It was hard to reach Fatema. For two days, I searched for the camp’s wounded via our network of activists and doctors. Finally, I got hold of Fatema on the phone as she lay on her hospital bed in a hospital in Antakya, inside Turkey. She spoke clearly and strongly about her ordeal, but the shock in her voice was palpable.
“All of a sudden there was dust and rocks flying all over the place and I saw my children fly in the air from the impact of the explosion,” Fatema told me. “I was able to pick myself up and when I looked around I saw my son without a head and my daughter was also torn up with no limbs. The other two were bloody and looked dead so I left them where they were. I was shocked and I started to scream and scream and then lost consciousness. The next time I woke up, I found myself in the hospital.”

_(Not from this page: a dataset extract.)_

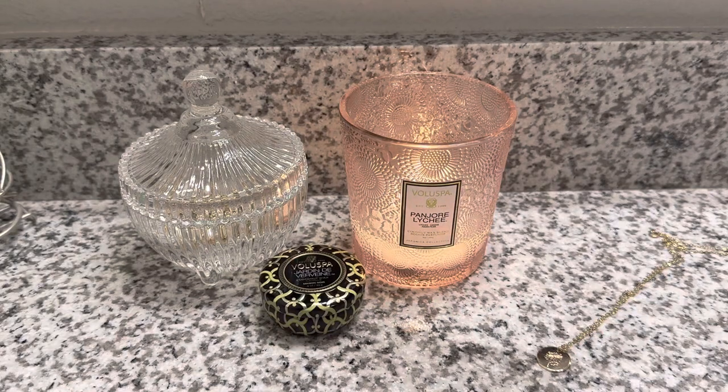What's up y'all? Jamie here, and this is my channel, Sensible Home with Jamie, and I have another post-burn candle review for you guys today.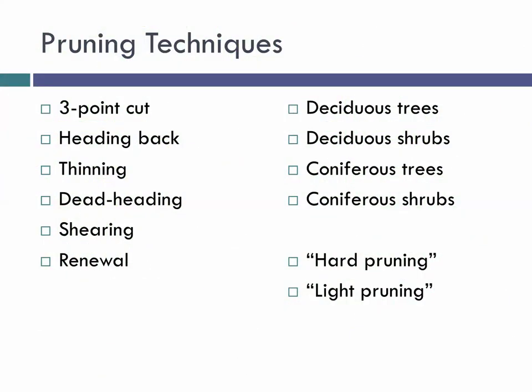The techniques I want to talk about today: definitely the three-point pruning cut — this is the standard master gardener exam question and probably the hardest cut you need to master, though it's not really hard at all. We're going to talk about heading back, thinning, deadheading, shearing, and renewal. For shrubs you use those techniques; for trees you do a three-point pruning cut. We'll talk mostly about deciduous trees and shrubs, and end with a quick conversation about conifers.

Idlib is a long way from Vienna, where some big players are meeting this week to figure out what to do about Syria. The International Syria Support Group, including the United States and Russia, are trying to revive a ceasefire that crumbled last month, but had at least briefly afforded the first semblance of peace for parts of Syria after five long years of conflict.
People like Fatema and her children need to be at the center of efforts to stem the atrocities in Syria. And the protection of civilians, still targeted in government airstrikes or by shelling from opposition armed groups, should be everyone’s priority.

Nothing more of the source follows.